The payment services, consumer financial services, and small & medium enterprises could be the driving factor of the company’s top-line growth. The growth will also be driven by e-commerce and money remittance vertical. However, the financial services industry remained under the pressure of immense competition from different business groups for survival.
The payments services business continues to depend on its ability to maintain or increase its average net revenue yield. The yield is likely to vary based on increased competition, pressure from merchants and/or agents, changes in regulation, and acquisitions.
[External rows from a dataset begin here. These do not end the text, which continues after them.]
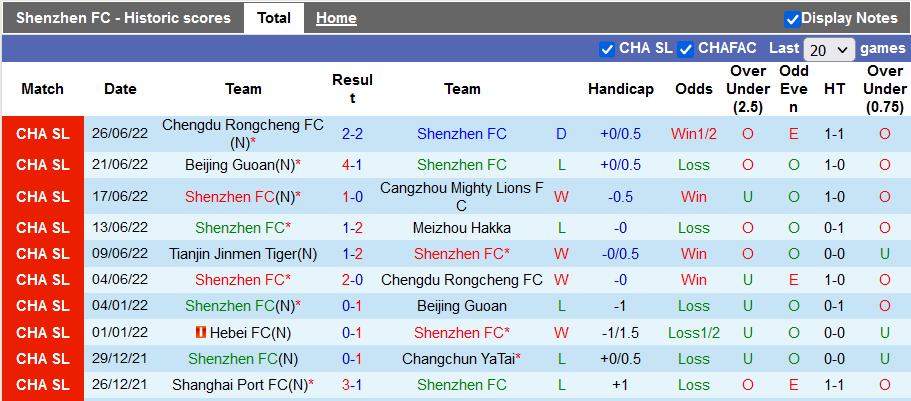 Nhận định, soi kèo Shenzhen vs Tianjin, 16h30 ngày 29/6 - Ảnh 1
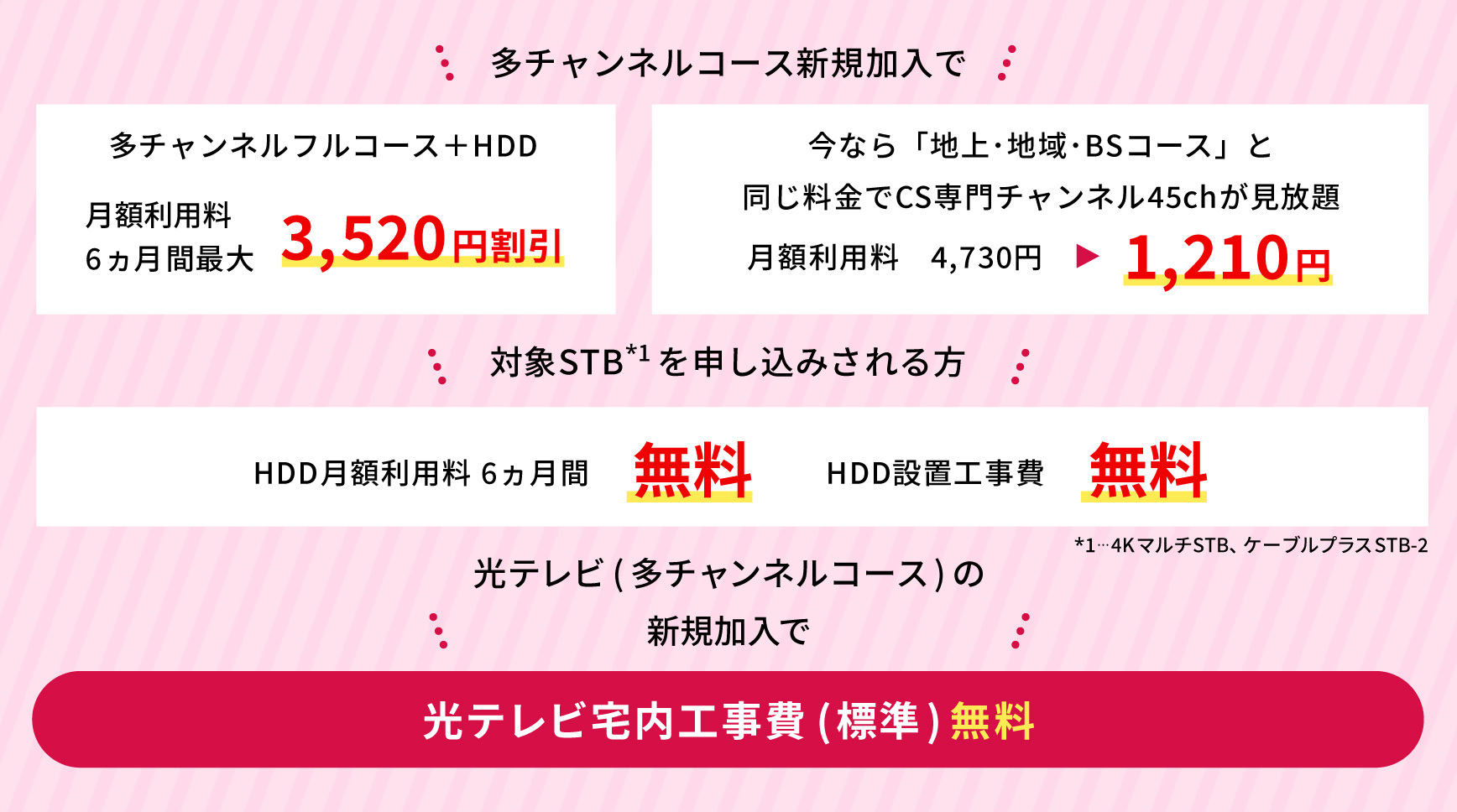 多チャンネルコース新規加入または変更の方、多チャンネルコース+HDD 6ヵ月最大3630円割り引き　今なら地上・地域・BSコースと同じ料金でCS専門チャンネル45chが見放題　月額利用料4730円1100円割り引き　4KマルチSTB+HDDを申し込みされる方または4KマルチSTBを設置済みでHDDのみ追加される方　
    HDD月額利用料6ヵ月間無料　HDD設置工事費無料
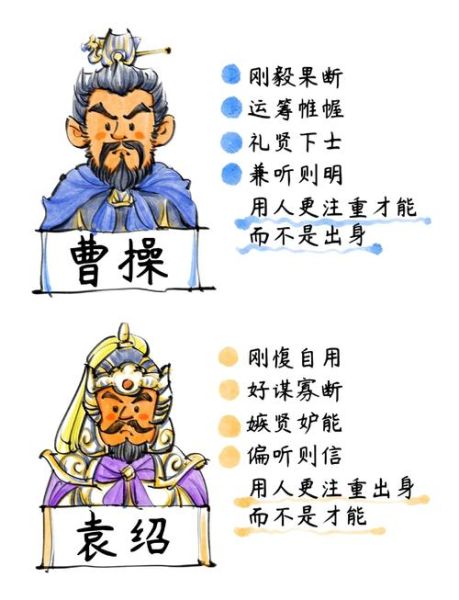 袁绍属什么生肖属相（袁绍属什么生肖属相？新手一查就懂😎）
This also includes the costs incurred due to the consumers reloading their Qiwi Wallet accounts.
The company’s volumes, revenues and the profitability of its payment services segment will continue to depend to a certain extent on the use of cash as a means of payment and the reach of its kiosks and terminals network. Over time, the prevalence of cash payments is declining as a greater percentage of the population in emerging markets is adopting credit and debit card payments and electronic banking, and the company’s kiosks and terminals network are decreasing.
Analysts expect the company’s earnings to increase by 17.90% to $0.33 per share and revenue will jump by 13.60% to $88.31 million for the third quarter. The company has surprised investors by beating analysts’ expectations in all of the past four quarters. The majority of the analysts recommended a “hold” rating with an average price target of $30.18.
Read: YY Q3 earnings snapshot
For the second quarter, Qiwi posted better-than-expected earnings driven by higher revenues. The top line jumped by 23% helped by a 35% increase in payment services, which includes Qiwi wallet and other applications. Payment service volume also saw a 41% jump compared to last year.
For the full year 2019, the company expects adjusted net revenue growth in the range of 11% to 16% and payment services revenue growth in the range of 23% to 27%. Net profit in the payment services segment is predicted to rise by 25% to 29% over 2018 and adjusted net profit growth guidance is unchanged at 40% to 50%.